I have a pice of software which is fp32 compute intensive (neural networks compiled with TVM). I compile it for ARM (rk3399 device), here is info:
gcc -v
Using built-in specs.
COLLECT_GCC=gcc
COLLECT_LTO_WRAPPER=/usr/lib/gcc/arm-linux-gnueabihf/5/lto-wrapper
Target: arm-linux-gnueabihf
Configured with: ../src/configure -v --with-pkgversion='Ubuntu/Linaro 5.4.0-6ubuntu1~16.04.12' --with-bugurl=file:///usr/share/doc/gcc-5/README.Bugs --enable-languages=c,ada,c++,java,go,d,fortran,objc,obj-c++ --prefix=/usr --program-suffix=-5 --enable-shared --enable-linker-build-id --libexecdir=/usr/lib --without-included-gettext --enable-threads=posix --libdir=/usr/lib --enable-nls --with-sysroot=/ --enable-clocale=gnu --enable-libstdcxx-debug --enable-libstdcxx-time=yes --with-default-libstdcxx-abi=new --enable-gnu-unique-object --disable-libitm --disable-libquadmath --enable-plugin --with-system-zlib --disable-browser-plugin --enable-java-awt=gtk --enable-gtk-cairo --with-java-home=/usr/lib/jvm/java-1.5.0-gcj-5-armhf/jre --enable-java-home --with-jvm-root-dir=/usr/lib/jvm/java-1.5.0-gcj-5-armhf --with-jvm-jar-dir=/usr/lib/jvm-exports/java-1.5.0-gcj-5-armhf --with-arch-directory=arm --with-ecj-jar=/usr/share/java/eclipse-ecj.jar --enable-objc-gc --enable-multiarch --enable-multilib --disable-sjlj-exceptions --with-arch=armv7-a --with-fpu=vfpv3-d16 --with-float=hard --with-mode=thumb --disable-werror --enable-multilib --enable-checking=release --build=arm-linux-gnueabihf --host=arm-linux-gnueabihf --target=arm-linux-gnueabihf
Thread model: posix
gcc version 5.4.0 20160609 (Ubuntu/Linaro 5.4.0-6ubuntu1~16.04.12)
uname -a
Linux FriendlyELEC 4.4.143 #1 SMP Tue Nov 20 11:10:11 CST 2018 aarch64 aarch64 aarch64 GNU/Linux
lscpu
Architecture: aarch64
Byte Order: Little Endian
CPU(s): 6
On-line CPU(s) list: 0-5
Thread(s) per core: 1
Core(s) per socket: 3
Socket(s): 2
Model name: ARMv8 Processor rev 2 (v8l)
CPU max MHz: 1800.0000
CPU min MHz: 408.0000
Hypervisor vendor: horizontal
Virtualization type: full
The code was initially "slow" and cpp11, I decided to try cpp17 and cpp14. cpp17 was not supported, but cpp14 was.
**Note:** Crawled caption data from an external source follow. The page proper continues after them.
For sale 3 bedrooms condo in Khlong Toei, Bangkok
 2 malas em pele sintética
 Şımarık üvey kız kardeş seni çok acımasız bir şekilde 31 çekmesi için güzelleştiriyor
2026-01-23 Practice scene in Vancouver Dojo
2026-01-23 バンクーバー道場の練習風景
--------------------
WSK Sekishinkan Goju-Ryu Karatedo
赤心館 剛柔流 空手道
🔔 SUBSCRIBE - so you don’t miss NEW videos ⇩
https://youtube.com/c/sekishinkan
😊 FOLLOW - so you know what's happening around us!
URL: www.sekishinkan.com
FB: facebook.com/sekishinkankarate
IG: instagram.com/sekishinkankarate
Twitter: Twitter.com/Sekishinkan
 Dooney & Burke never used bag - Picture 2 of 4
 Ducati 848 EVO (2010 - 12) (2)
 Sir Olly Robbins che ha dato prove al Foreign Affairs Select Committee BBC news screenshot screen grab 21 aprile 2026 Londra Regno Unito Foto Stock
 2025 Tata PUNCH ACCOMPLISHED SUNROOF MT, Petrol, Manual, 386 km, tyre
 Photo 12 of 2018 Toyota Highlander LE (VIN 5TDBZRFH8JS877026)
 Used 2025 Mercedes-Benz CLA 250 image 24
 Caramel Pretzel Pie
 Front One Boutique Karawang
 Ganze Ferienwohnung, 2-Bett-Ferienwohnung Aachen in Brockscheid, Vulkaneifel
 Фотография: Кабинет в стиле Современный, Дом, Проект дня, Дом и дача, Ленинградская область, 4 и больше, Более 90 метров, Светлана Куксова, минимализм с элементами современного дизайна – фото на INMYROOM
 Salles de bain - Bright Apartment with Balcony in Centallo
I switched to cpp14 and voila I got boost around 25% in performance. I really tested it to make sure the boost is in fact real and not a measuring mistake. I had this boost for a week then my device rebooted and the boost in performance was gone!
It may sound crazy, but I'm very sure in my code and measurements I had. I didn't have explicit compile flags prior to this gimmick. Now I'm trying to figure out compile flags for GCC to reclaim what was lost, but I don't have much experience with GCC. What could be the issue here? What flags can affect performance that much?
the code uses .so files, compiled with use of llvm and gcc
llvm -device=arm_cpu -target=armv8l-linux-gnueabihf -mattr=+neon,fp-armv8
回答1:
"What flags can affect performance that much?"
Turning on the optimizer -O1
, -O2
or -O3
can have a dramatic effect (default is unoptimized build -O0
).
Enabling link time optimization -flto
can also often give significant improvements.
See also the manual for more.
回答2:
It's not GCC fault. It's CPU frequency scaling problem. I had device with ARM with Linux (ubuntu) on board, strange behavior and different benchmarking results are due to strange cpu frequency governing by OS.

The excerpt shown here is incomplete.